Il vecchio Ken, pur confessandosi
stanco, colpisce ancora.
Quando si spengono
le immagini, trattengo un applauso solitario (e penso con rammarico al fatto
che non si usi applaudire al cinema, se non ai festival, alla presenza
dell’autore e con l’occhio al cronometro).
Ma la commozione è
concreta e non si lascia inibire dalla mia consapevolezza di essere “obsoleto”

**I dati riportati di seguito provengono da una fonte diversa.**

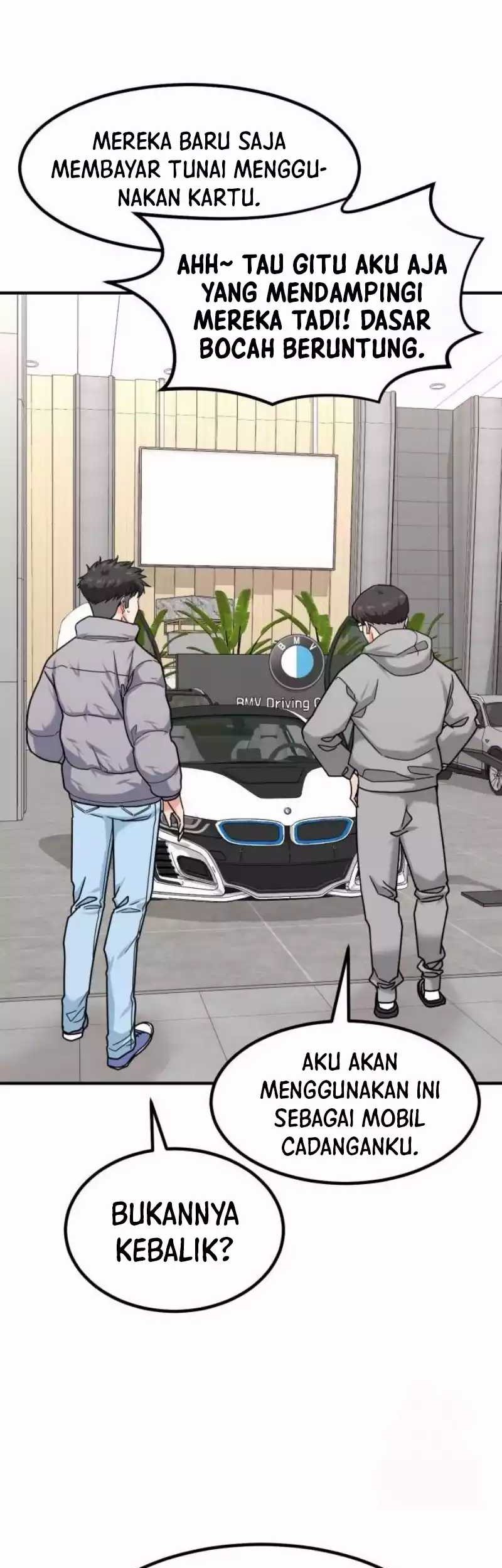 The Investor Who Sees The Future Chapter 30 Gambar 46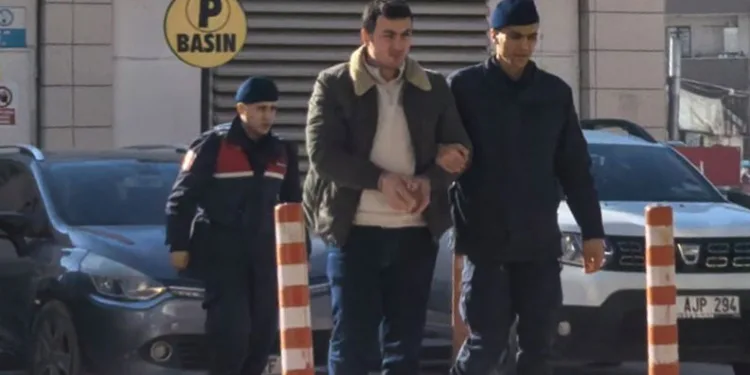 FETÖ/PYD üyeliğinden hapis cezası bulunan şahıs yakalandı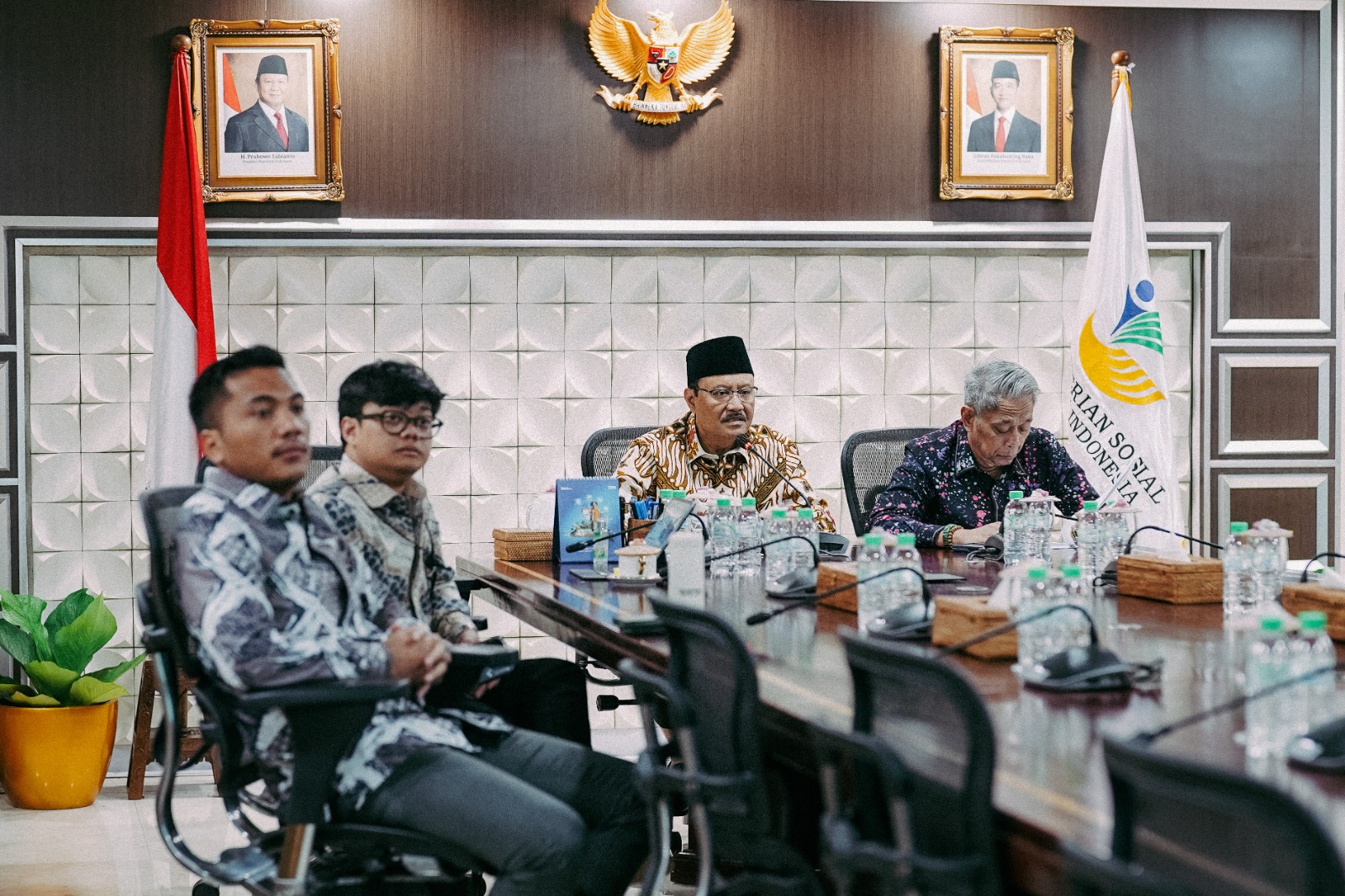 Gus Ipul: Pendamping PKH garda terdepan entaskan kemiskinan Gus Ipul: Pendamping PKH garda terdepan entaskan kemiskinan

nel permettere al cuore di scaldarsi per antichi valori smarriti, fedi laiche e
lotte per l’idea. E per un momento vedo incrinarsi il refrattario scudo di
cinismo che per autodifesa ho frapposto fra me e l’apprensione per le umane sorti e progressive.
E nemmeno m‘infastidisce
più di tanto la passionale partigianeria del vecchio regista che insiste,
didascalico e fervoroso, nel dividere il mondo in buoni e cattivi con un manicheismo
ed uno schematismo moralista che – nella concretezza delle scelte personali – disconosco
quasi istintivamente, forse per una propensione caratteriale verso l’irenismo
etico e politico.
[Ma ogni tanto –
accidenti – fa bene sospendere il giudizio ipercritico e abbandonarsi un po’ al
bisogno sentirsi dalla parte giusta!].
M'indispone invece più
che mai il pubblico che armeggia coi cappotti o si affretta verso l’uscita
mentre ancora scorrono i titoli di coda: un pubblico diseducato e irrispettoso
verso gli autori e verso gli spettatori attenti.
Resto seduto e aspetto
in silenzio che le emozioni si sedimentino, convinto che i lunghi elenchi di
chi ha contribuito alla realizzazione del film servano anche a questo, inserendosi
come camera di decompressione fra l’esperienza onirica del film e la realtà che
fuori ci attende.
Ken Loach ci
reimmerge nella storia dell’Irlanda degli anni Trenta, e lo fa proponendo la
storia – minima e vera – del comunista Jimmy Gralton (un militante doc, un
resistente generoso e appassionato) che, tornato dall’esilio, nel caos che
segue la dilaniante guerra civile irlandese, persevera nella sua piccola rivoluzione
riaprendo una specie di Centro Sociale in cui – per la semplice gente del suo
paese/microcosmo – è possibile scrollarsi da dosso il rischio dell’inedia
culturale e dell’isolamento esistenziale per stare insieme e svolgere in
autogestione una qualche forma di attività culturale, come imparare il disegno,
leggere poesie, discutere di politica, tirare di boxe, suonare e ballare.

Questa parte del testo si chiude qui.